Is there an analytical solution for the expected value of log sigmoid function to a normal distribution. This corresponds to the following integral:
$$ \int_{-\infty}^{+\infty} \log\left(\frac{1}{1+\exp(-x)}\right) \frac{1}{\sqrt{2\pi\sigma^2}} \exp\left(-\frac{(x-\mu)^2}{2\sigma^2}\right) dx $$
I checked with Wolfram|Alpha, but didn't get any answer.

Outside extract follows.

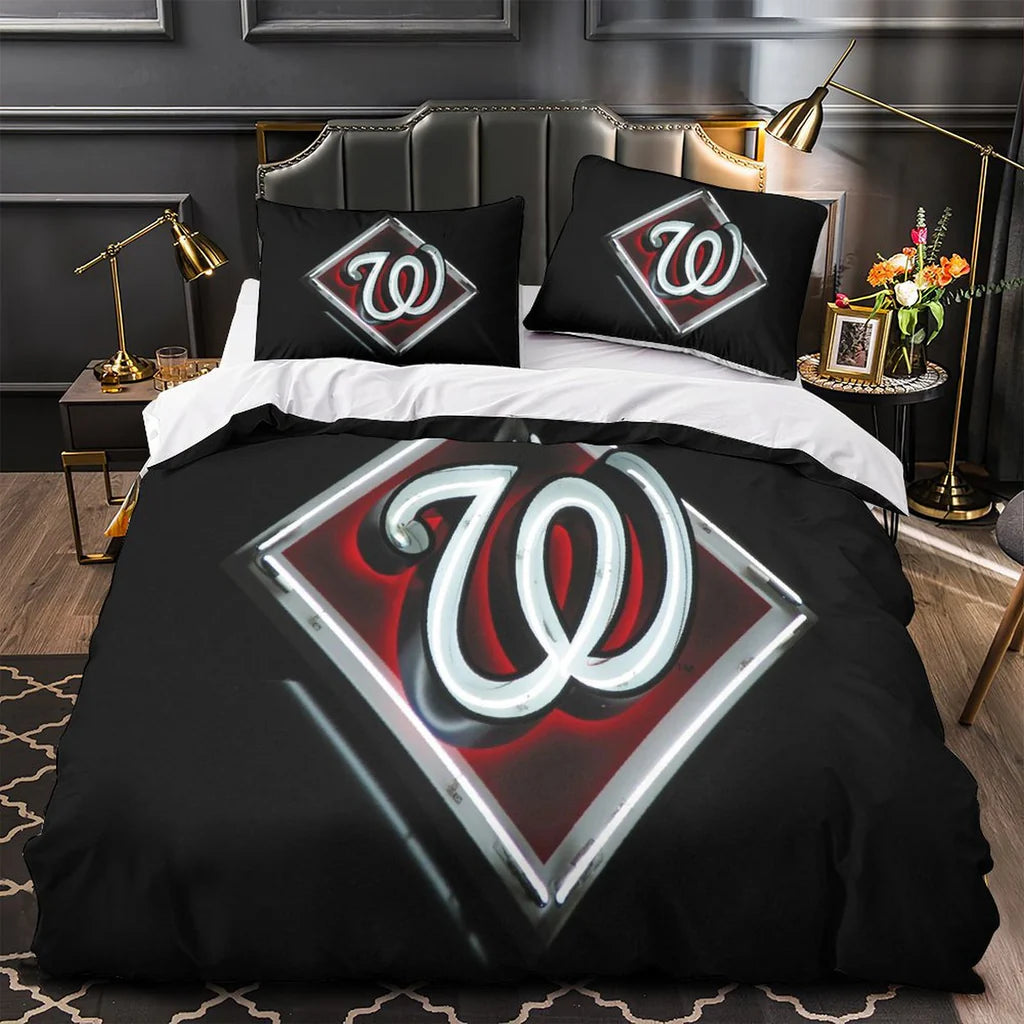 Washington Nationals Duvet Cover Quilt Case Pillowcase Bedding Set Without Filler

One possible approach is below.
Your integral is $$ \begin{split} I &= \frac{-1}{\sqrt{2\pi\sigma^2}} \int_{-\infty}^{+\infty} \log\left(1+\exp(-x)\right) \exp\left(-\frac{(x-\mu)^2}{2\sigma^2}\right) dx \\ &= \frac{-1}{\sqrt{2\pi}} \int_{-\infty}^{+\infty} \log\left(1+e^{-\mu - \sigma u}\right) e^{-u^2/2} du \end{split} $$ and now expand $\ln(1+y)$ into Taylor series, and integrate term-by-term. Not sure If you can find a closed form expression for the final result, but you may have a good chance.
A possibly good approximation is to cut off the Taylor series after a couple of terms and integrate by parts what you can in the result.